Frudd’s global M&A team has reviewed over 45 potential assets over the past six months without being able to tick all the boxes to proceed towards a deal.
Frudd claims a focus on business lines, dislocation and synergies to existing presence. Quality of management requires “meticulous” review, including to prevent deal breakage, talent flight and customer churn during integration. Increasingly, a target’s environmental, social and corporate governance stance has become a deal-breaker.
“We aren’t spreadsheet jockeys,” Frudd says—the group remains mindful of how valuations on developed markets can render a lifetime goodwill drag on earnings to make some acquisitions “very unprofitable”.
“For the right asset, we can absorb the goodwill, but at this moment there are a lot of businesses for sale which just aren’t worth the money,” he adds.
Reinsurance is no substitute
Alternative routes into the major developed markets are not on the cards.
Reinsurance could provide blanket exposure, but the risk-reward profile might not match Sompo’s needs. “Profits are high, but risks are high too,” Frudd says of an industry grappling with emergent risks, chiefly those of climate change.
Sompo is not tempted to build piecemeal via managing general agent (MGA) purchases. “The MGA market is hot in M&A activity, but it has really not been a part of our strategy,” he says.
Nor is Lloyd’s the Sompo ticket to European or other developed world exposure. Frudd cites cost base in justifying Sompo’s decision to pull out of Lloyd’s, a position it had once needed as a blanket licence to the world.
“At this moment there are a lot of businesses for sale which just aren’t worth the money.”
Meet Nigel Frudd
A polymath in the insurance industry, the Yorkshire, UK, native brought 13 years in corporate finance, law, forensic accounting, tax consultancy and more before his first brief stay in the insurance industry, at Scottish Amicable and Prudential.

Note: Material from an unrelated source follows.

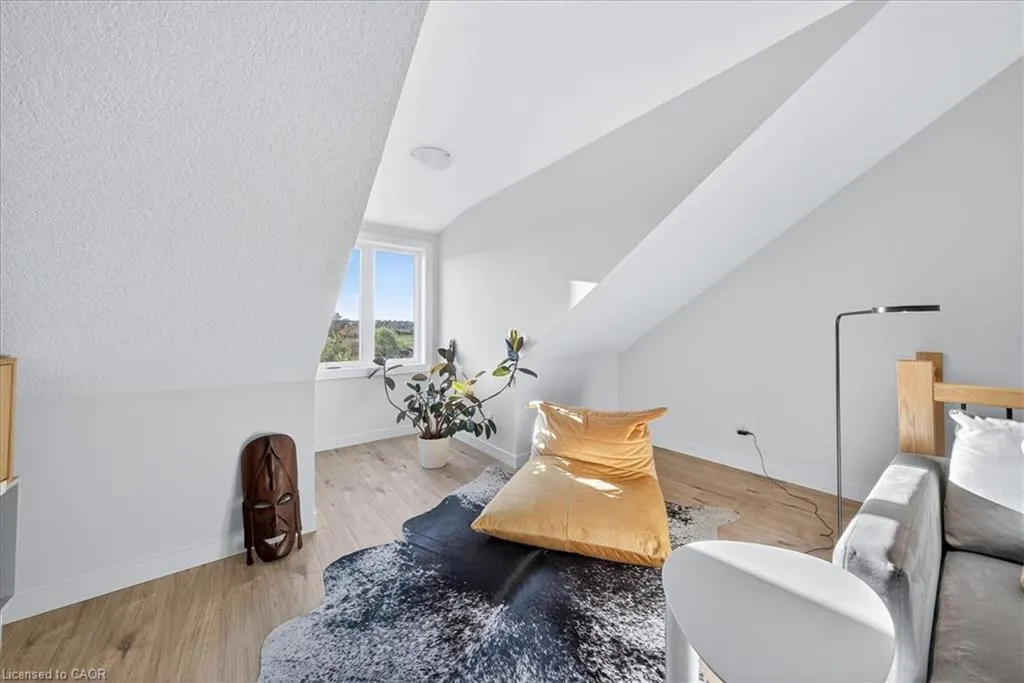 744 Nelson Street W, #9
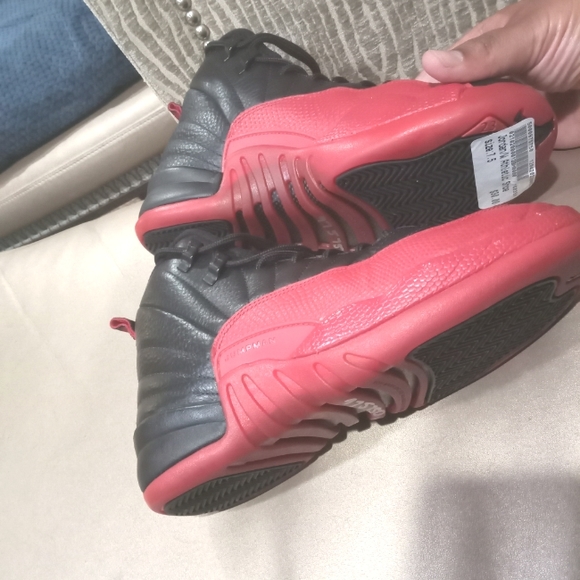 Air Jordan 12 Retro Bred (Flu Game) Athletic shoes/Sneakers - Picture 10 of 14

Frudd was at the table in 2013 when Sompo made an early move to go global with the purchase of Lloyd’s Name Canopius. That relationship grew to the point where Frudd could spearhead the 2017 deal by which Sompo exploded on to the global stage: the $6.3 billion purchase of Endurance.
Endurance, refashioned as Sompo International, is the vehicle through which Sompo now designs its global presence, including via the late 2020 deal for Diversified Crop Insurance Services (DCIS) to become AgriSompo.
Signalling the hoped-for role of M&A in Sompo growth, Frudd holds the title of chairman of overseas M&A, a direct tie to group chief executive officer Sakurada.
“The global M&A team is innovative and quick-moving, and we don’t waste people’s time,” says Frudd. The 2020 deal that turned into AgriSompo showed that Sompo can do deals in short order, in the depths of lockdown, and without investment bankers at the table.